Gartner’s research in this area states customer journey mapping leaders follow seven key steps to ensure they’re able to better act on insights:

  • Audit and map the processes that affect customers: What do you know about your customers already? Research with your service, sales and marketing departments and their CRM data will help identify which processes currently matter most to your customers by using metrics such as volume, customer satisfaction rates, etc.
  • Identify the key processes your customers value most: It’s commonly recognised that the top 10 to 50 processes in the customer journey represent 99% of what matters to the customer, so establishing what those are is a critical exercise.  
  • Prioritise the customer-selected processes by the impact they have on your customer experience goals: This requires you to align the key processes to your CRM strategy goals (customer acquisition, satisfaction, customer profitability, cross-selling and retention measures, etc). Depending on the goals and objectives set out in your CRM strategy, some customer-selected processes will be more important than others to your organisation.
  • Give each key process an owner: Seeking out business 'champions' to oversee these processes, even when they cross-departments, will help highlight how important the processes are to people within your organisation.
  • Implement changes in the front office, back office and processes that affect suppliers and partners: This requires focus and good communication with IT and technology leaders – as many front office changes will require reengineering in the back office too.
  • Set up a customer SLA for customer-selected key processes: Communicating with customers about targets for service levels, appropriate compensation levels and feedback on improvements for individual processes will help ensure continuous improvement around the processes you’ve committed to improving.
  • Measure success and refine process changes for different customer segments: Segmenting customers and identifying the process improvements required for each segment is another way of further refining your changes.

Manusama states that many businesses fall foul of turning this type of journey mapping exercise into a one-off, or something that’s at best assessed once or twice a year. “You need to look at customer journeys in a continuous way.

“You need to bring tooling to your organisation and find yourself a way to look at your journeys on a continuous basis to see through all the different engagement channels that you are doing well. It’s not a one-off journey, it’s continuous and if your organisation has misunderstood this then it’s a big misunderstanding.

“The outcome of any journey mapping exercise should be that you can take better action to satisfy customer needs and it’s not the insight gleaned from your CRM in itself, it’s the action that corresponds with that insight, and vice versa. Many people do journey mapping as a one-off activity but if it only serves as a nice visual display without acting upon the insights you’ve gleaned.”

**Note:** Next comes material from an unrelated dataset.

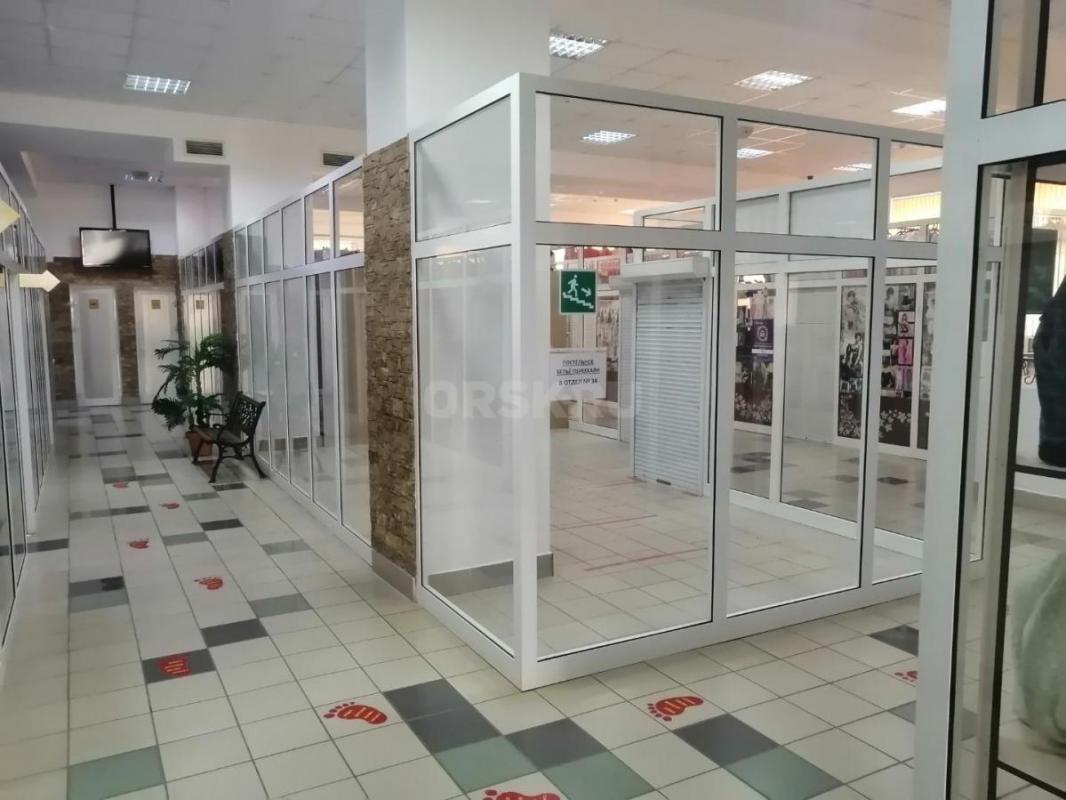 Сдается торговый одел в г Медногорске в ТЦ Скала. 1 линия. - Медногорск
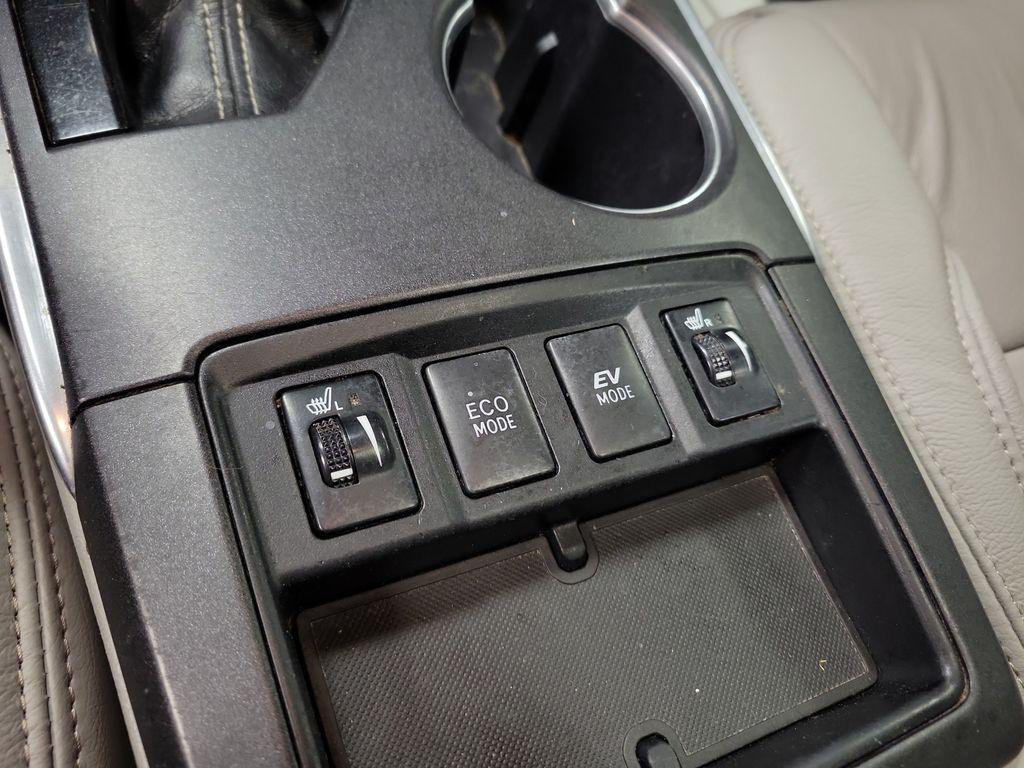 used 2015 Toyota Camry Hybrid car, priced at $8,995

However, for customer experience leaders first dipping their toes into customer journey mapping, the exercise can be daunting, especially given how much collaboration is required with different departments in order to bring their CRM data together in a more cohesive manner. Manusama has some words of wisdom in these instances:

“Don’t overeat yourself. There are many companies saying ‘I have customers that come through the website, through the phone and live chat and all those different engagement channels. Let’s take all that data and start mapping journeys’.

“That’s not going to happen. You can’t normalise all that data and stitch it all together and get a beautiful journey map as a result. If you get started, make sure you pace yourself in terms of what you can get out of the process. If you’re able to just get browsing data, or just get phone channel data and map THAT into a journey, you can learn from that initial practice. It might highlight some disconnect in how that particular journey is unfolding for customers.”